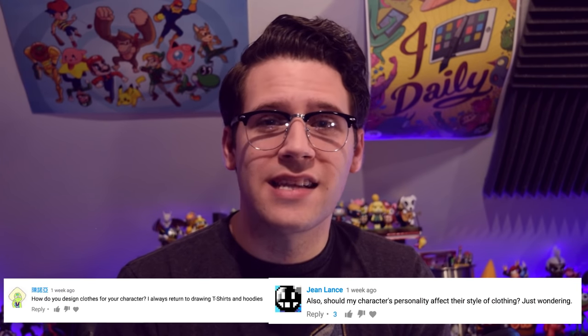Hi, this is Brooks with Character Design Forge. I've gotten a lot of comments from you guys recently regarding characters' clothing. One commenter in particular was frustrated that it seems like they only ever know how to draw t-shirts and hoodies for their characters.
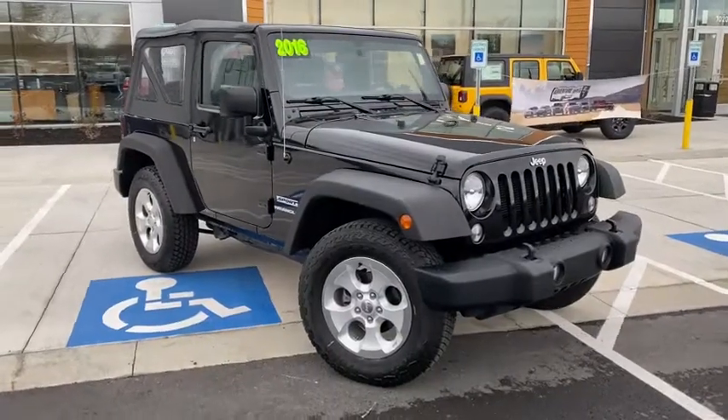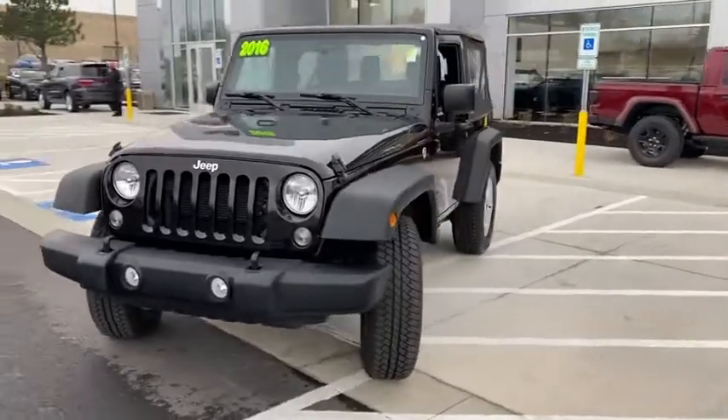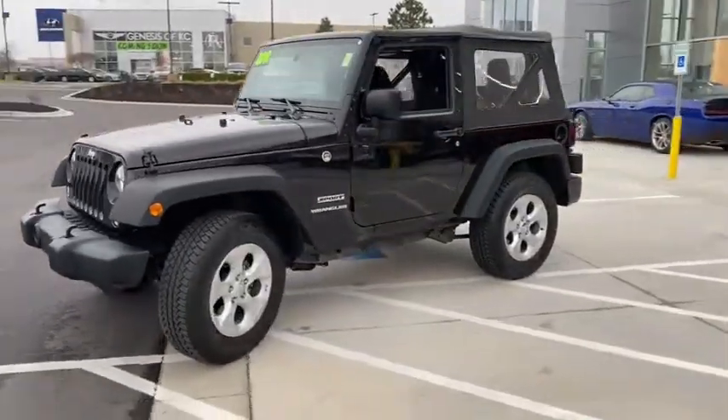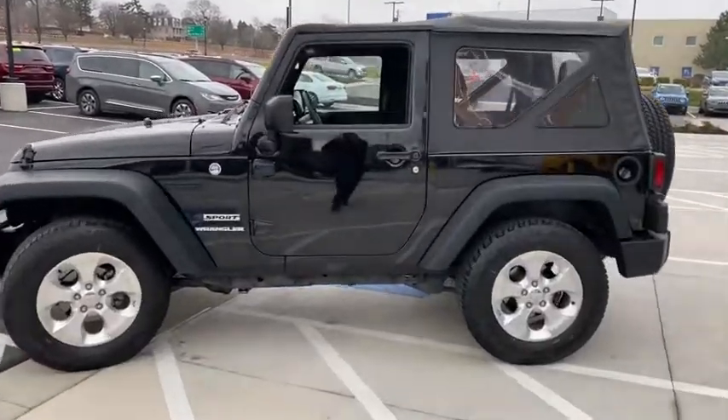Come test drive a 2016 Jeep Wrangler. Few vehicles are better off-road than a Jeep Wrangler. This is the one that started it all — traceable to the original Jeep, the Wrangler is the very symbol of off-road capability.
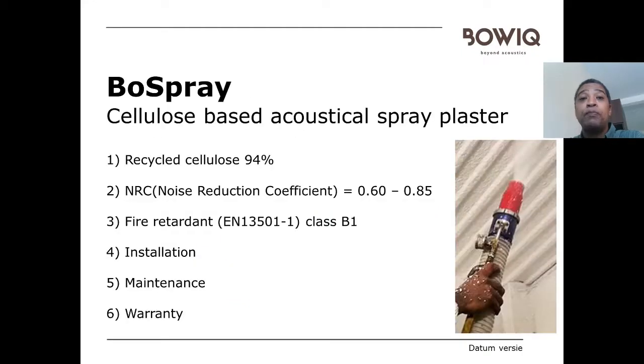Now let's talk about the product. The different features we would like to cover are what it's made out of, the acoustics, the fire rating, how it's installed, how maintenance is done when needed, and the warranties which are linked to it.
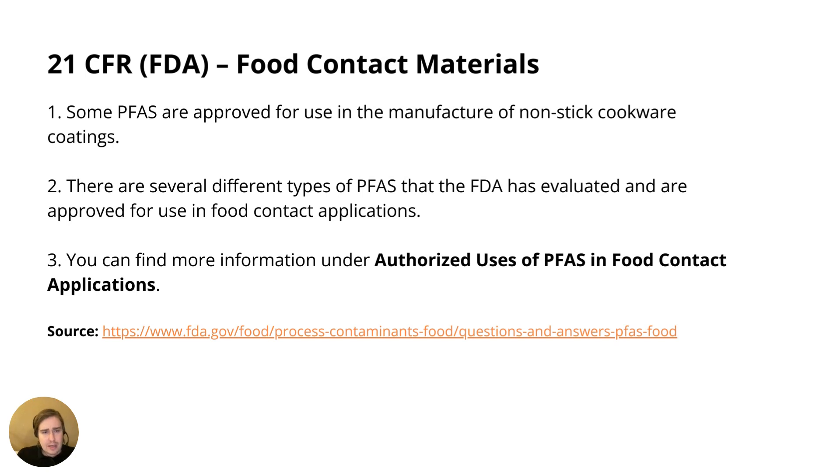Let's begin by looking at 21 CFR, which applies to food contact materials. The FDA website states that certain types of PFAS are actually approved for use in the manufacture of non-stick cookware, and that several types of PFAS the FDA has evaluated are also approved for use in food contact applications. You can find more information under the section titled "Authorized Uses of PFAS in Food Contact Applications" on the FDA website — it's a fairly detailed guide.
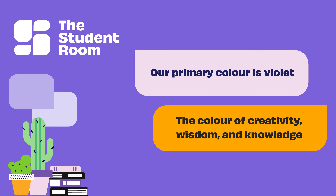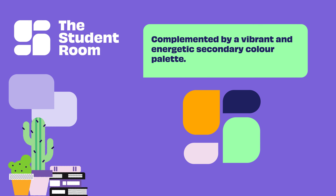Our primary colour is violet — the colour of creativity, wisdom and knowledge — complemented by a vibrant and energetic secondary colour palette.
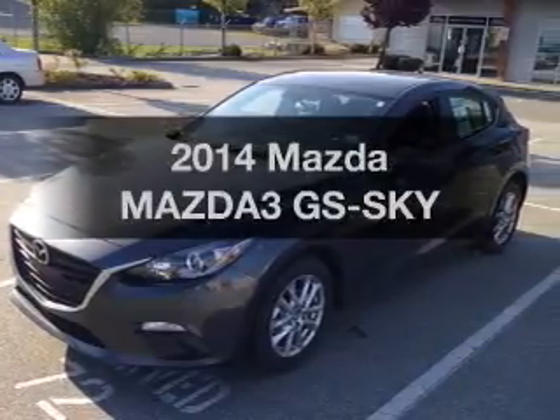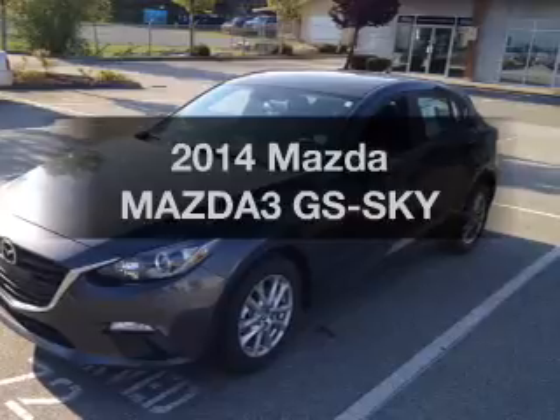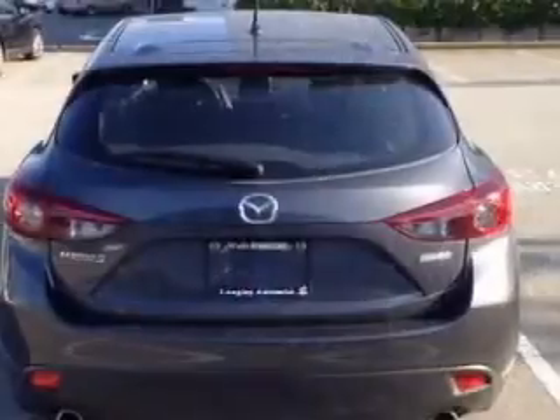Introducing the 2014 Mazda Mazda3. If you're looking for an automobile with great attributes, look no further. The powertrain includes front-wheel drive with an efficient four-cylinder engine that gives you more control with its manual transmission. GPS navigation will guide you to your destination, and the anti-lock braking system will keep you safe on the road.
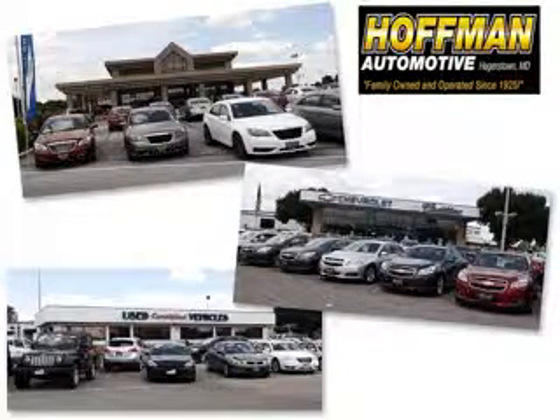We are a family owned and operated business serving all your Chevrolet, Cadillac, Dodge, Chrysler, Jeep, Ram, and pre-owned vehicle needs since 1925.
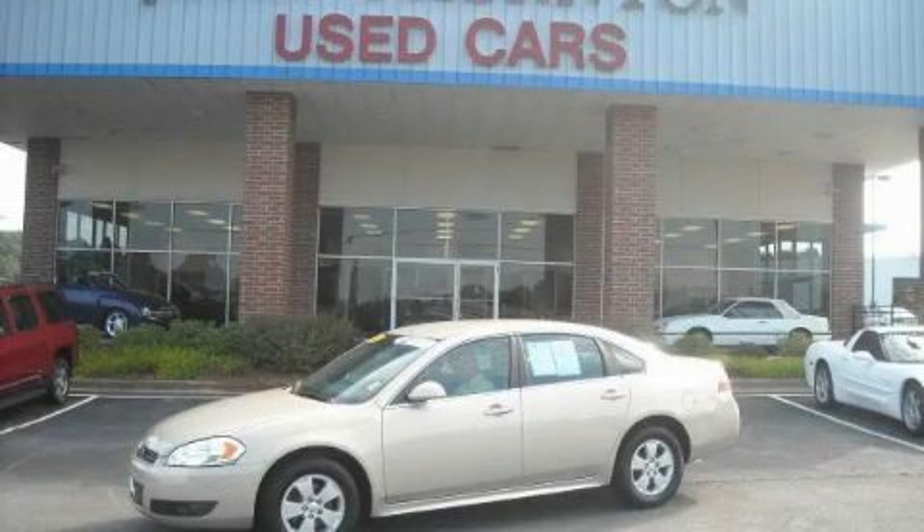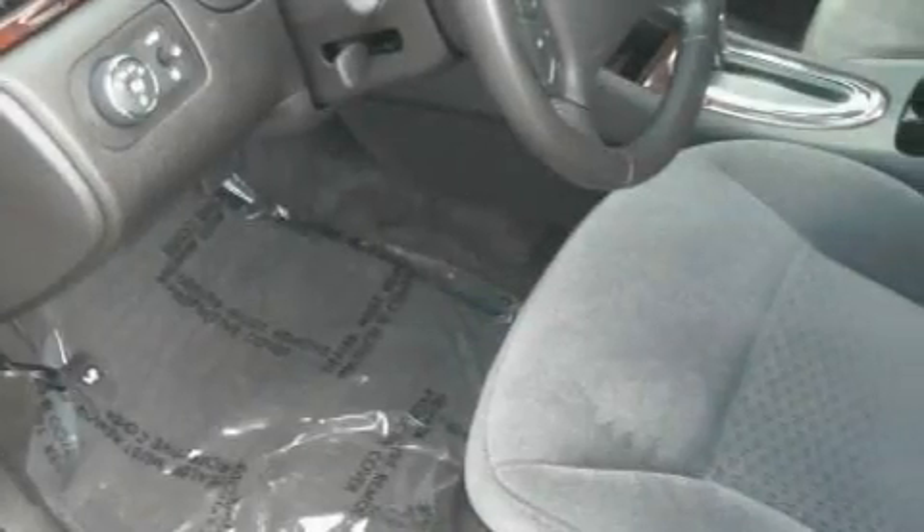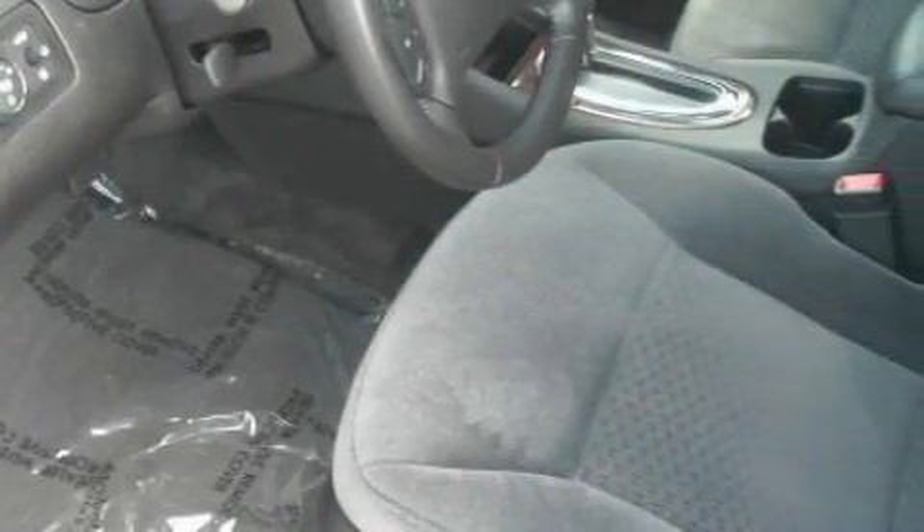This is a 2010 Chevrolet Impala. It has a 3.5-liter six-cylinder engine and a four-speed automatic transmission.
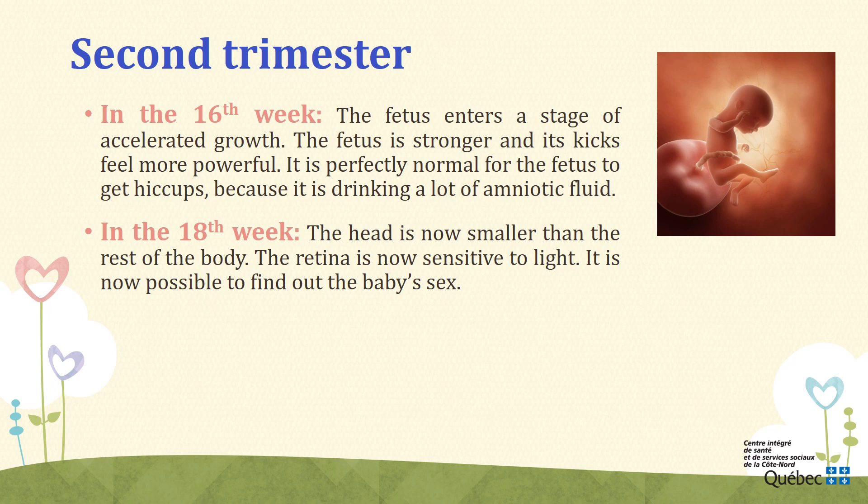Week 18. During the 18th week, the head is now smaller than the rest of the body. The retina is now sensitive to light — if a strong enough halo of light is shown on the mother's belly, the fetus will react. It is now possible to find out the baby's sex. If it is a boy, the penis will be visible; and if it is a girl, the uterus and fallopian tubes are in place.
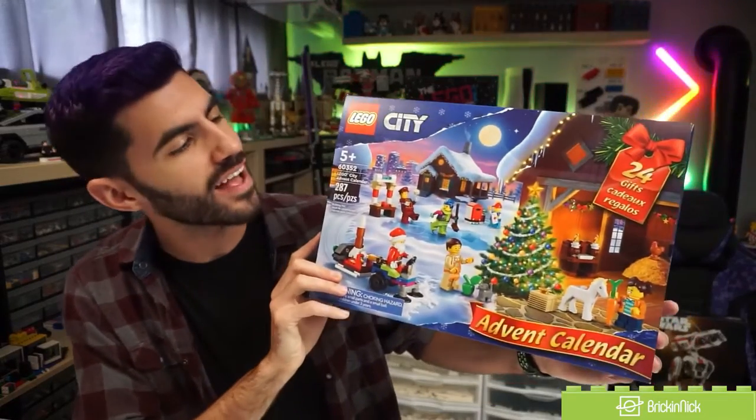Hello there, Freakin' Nick here. Today we're going to be taking a quick look at the Lego City Advent Calendar for 2022.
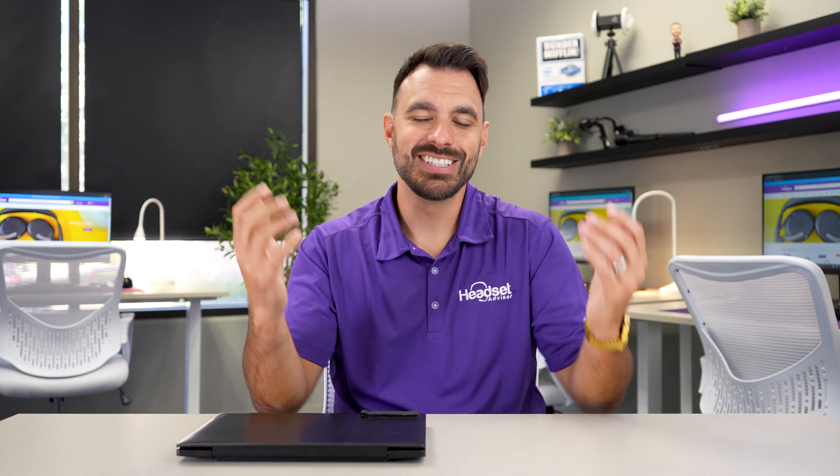If you'd rather just watch another video to learn more, we did a full in-depth comparison of all the different Poly headsets, from the smallest earbuds all the way up to their largest over-the-ear headphones — check out that video right up here. Thanks a lot for watching, we'll see you on the next one.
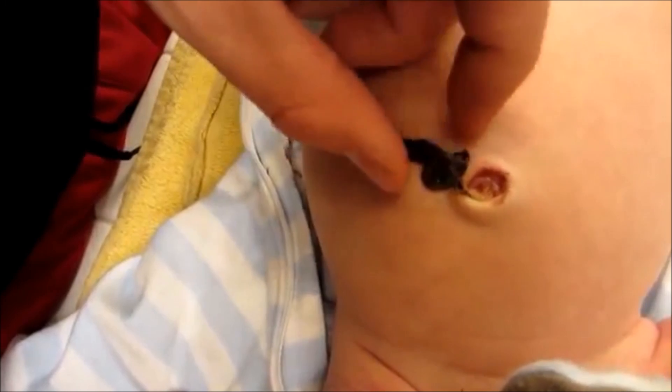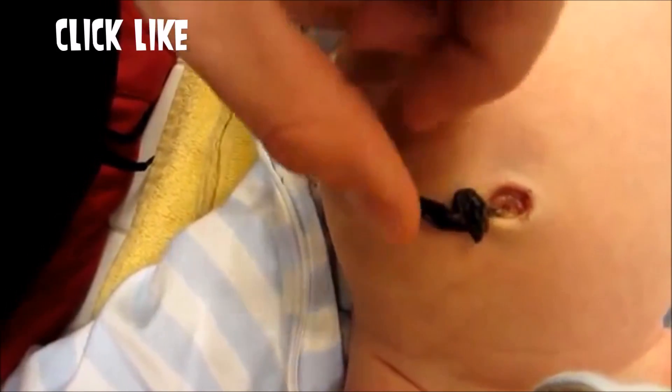So hopefully that answers your question as to why blackheads are black. As a bonus, here is an umbilical cord that's turned black being removed from a baby — pretty interesting, right?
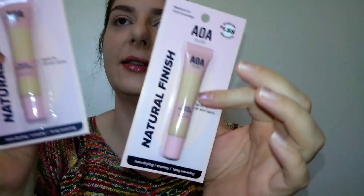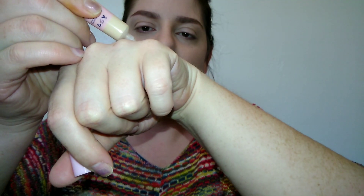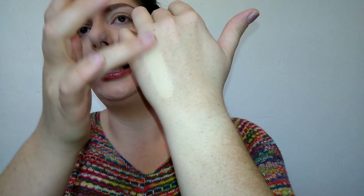Now let's try the concealers — I picked up Light Ivory and Fair Ivory because I wasn't sure which shade. They look a little yellow. It comes in a kind of squeezy tube with a doe foot applicator. This is 0.34 fluid ounces. They have light and dark shades — and wow, no scent at all, it doesn't even smell like concealer.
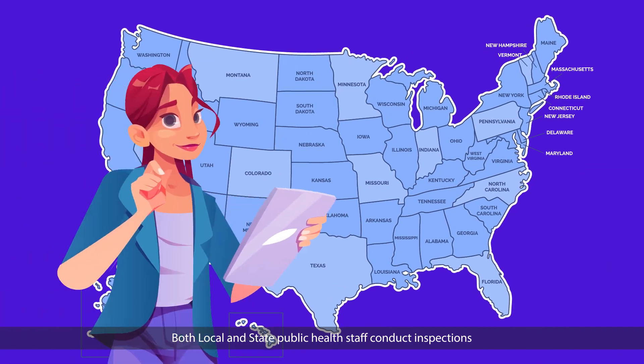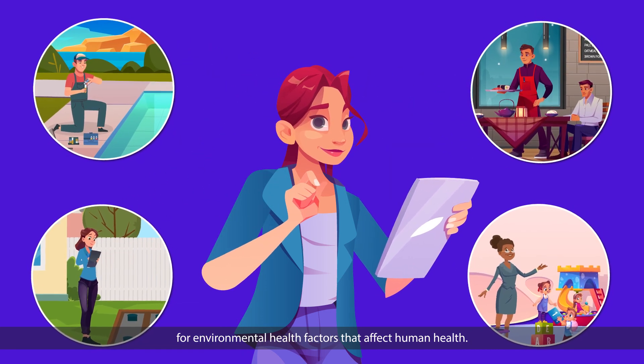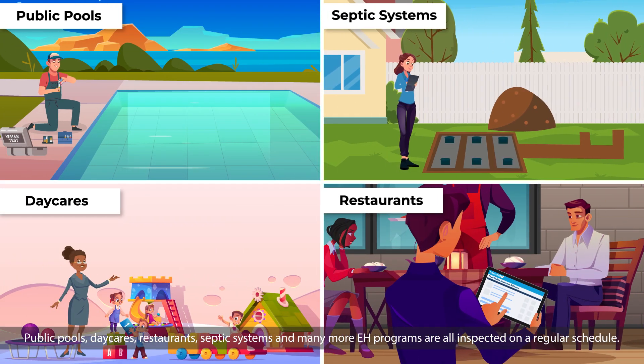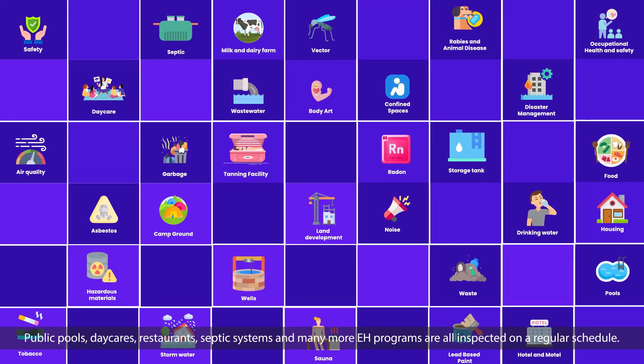Both local and state public health staff conduct inspections for environmental health factors that affect human health. Public pools, daycares, restaurants, septic systems, and many more environmental health programs are all inspected on a regular schedule.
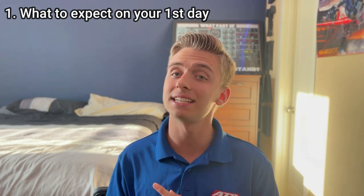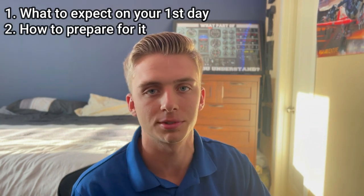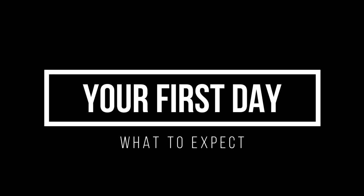I'm going to split this video up into two segments. The first one, I'm going to talk about what you should expect at your first day, and the second one is how you can prepare for your program start date. So let's get into the first one, which is what you should expect on your first day at ATP Flight School.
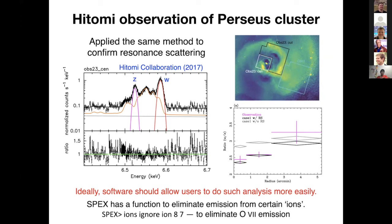Ideally, the software should allow the user to do this kind of analysis more easily. I would like to point out that XSPEC has a function to eliminate emission from certain ions by executing this command. But with this command, all of the O VII emission lines will be gone. It would be even better if we could eliminate just one single emission line, which would be very helpful for future high-resolution spectroscopy.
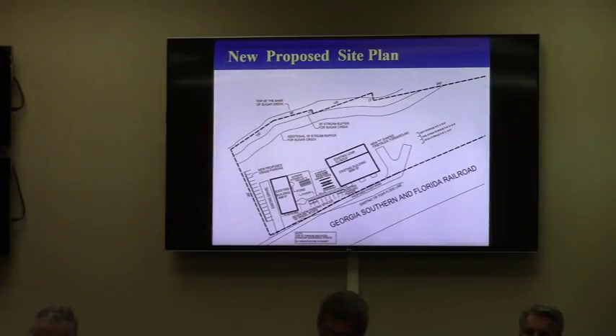Staff is recommending approval of this in much the same vein as was approved in 2014. We took those conditions from 2014 and condensed them into a shorter list, keeping all the applicable things still relevant to this property. Those eight conditions are found on page number two of your packet. The language is very similar to what was there in 2014. I'm glad to answer any questions you may have.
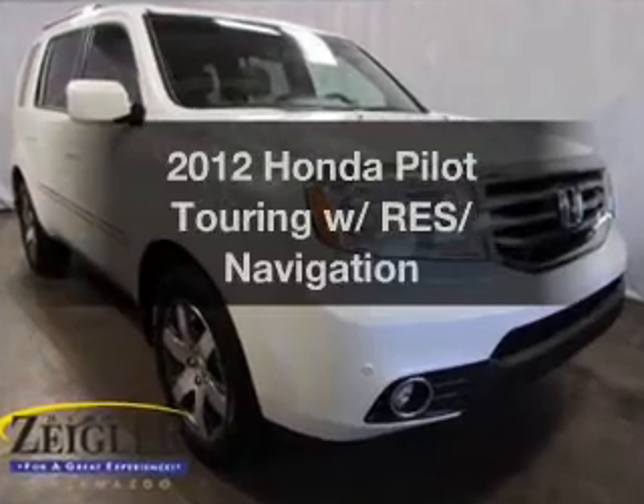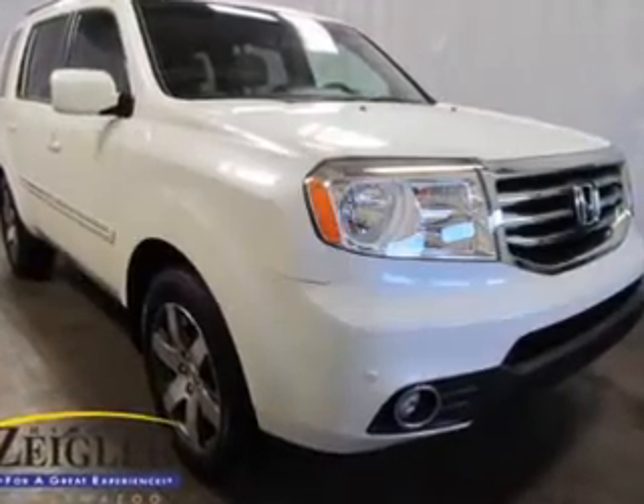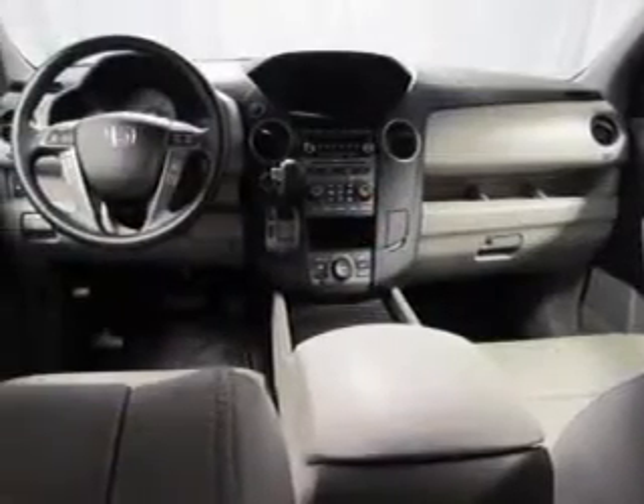Get noticed in this 2012 Honda Pilot. If you're looking for a first-rate auto, this one could be yours today.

--

> **Problem requirements**:
Please output the listing above exactly from its first line through the line with "Our primary colour", both included, and nothing beyond that line. Omit pictures.

> **Reply to the exercise**:
Hi, this is Brooks with Character Design Forge. I've gotten a lot of comments from you guys recently regarding characters' clothing. One commenter in particular was frustrated that it seems like they only ever know how to draw t-shirts and hoodies for their characters.
Come test drive a 2016 Jeep Wrangler. Few vehicles are better off-road than a Jeep Wrangler. This is the one that started it all — traceable to the original Jeep, the Wrangler is the very symbol of off-road capability.
Now let's talk about the product. The different features we would like to cover are what it's made out of, the acoustics, the fire rating, how it's installed, how maintenance is done when needed, and the warranties which are linked to it.
Let's begin by looking at 21 CFR, which applies to food contact materials. The FDA website states that certain types of PFAS are actually approved for use in the manufacture of non-stick cookware, and that several types of PFAS the FDA has evaluated are also approved for use in food contact applications. You can find more information under the section titled "Authorized Uses of PFAS in Food Contact Applications" on the FDA website — it's a fairly detailed guide.
Our primary colour is violet — the colour of creativity, wisdom and knowledge — complemented by a vibrant and energetic secondary colour palette.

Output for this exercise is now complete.